Instructions to follow. Write out each line of the listing as it stands, without the images.

Data below START

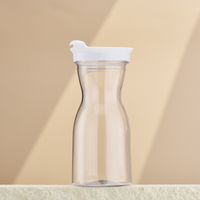 Bouteilles rondes en verre de qualité alimentaire de 500 ml, 750 ml, 1000 ml, 1500 ml, 16 oz pour eau froide et jus, idéales pour les boissons maison
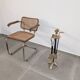 Brutalist iron and brass fireplace set by David Marshall, 1970s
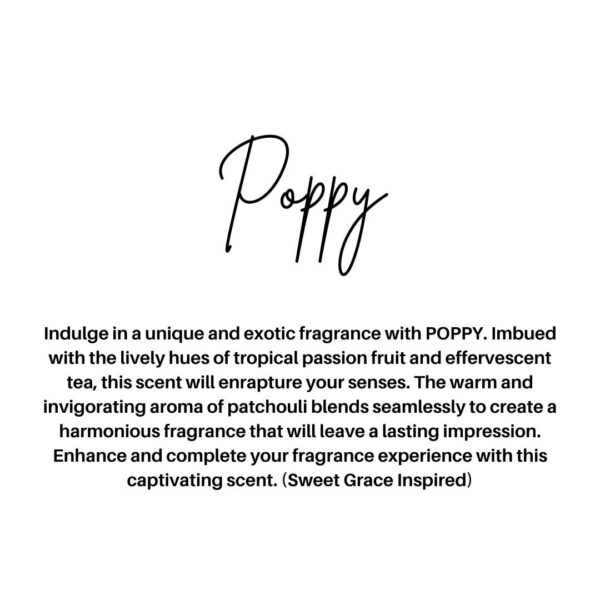 POPPY | WAX MELT | EVERYDAY - Image 4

Data below END

Response to the exercise.
 Bouteilles rondes en verre de qualité alimentaire de 500 ml, 750 ml, 1000 ml, 1500 ml, 16 oz pour eau froide et jus, idéales pour les boissons maison
 Brutalist iron and brass fireplace set by David Marshall, 1970s
 POPPY | WAX MELT | EVERYDAY - Image 4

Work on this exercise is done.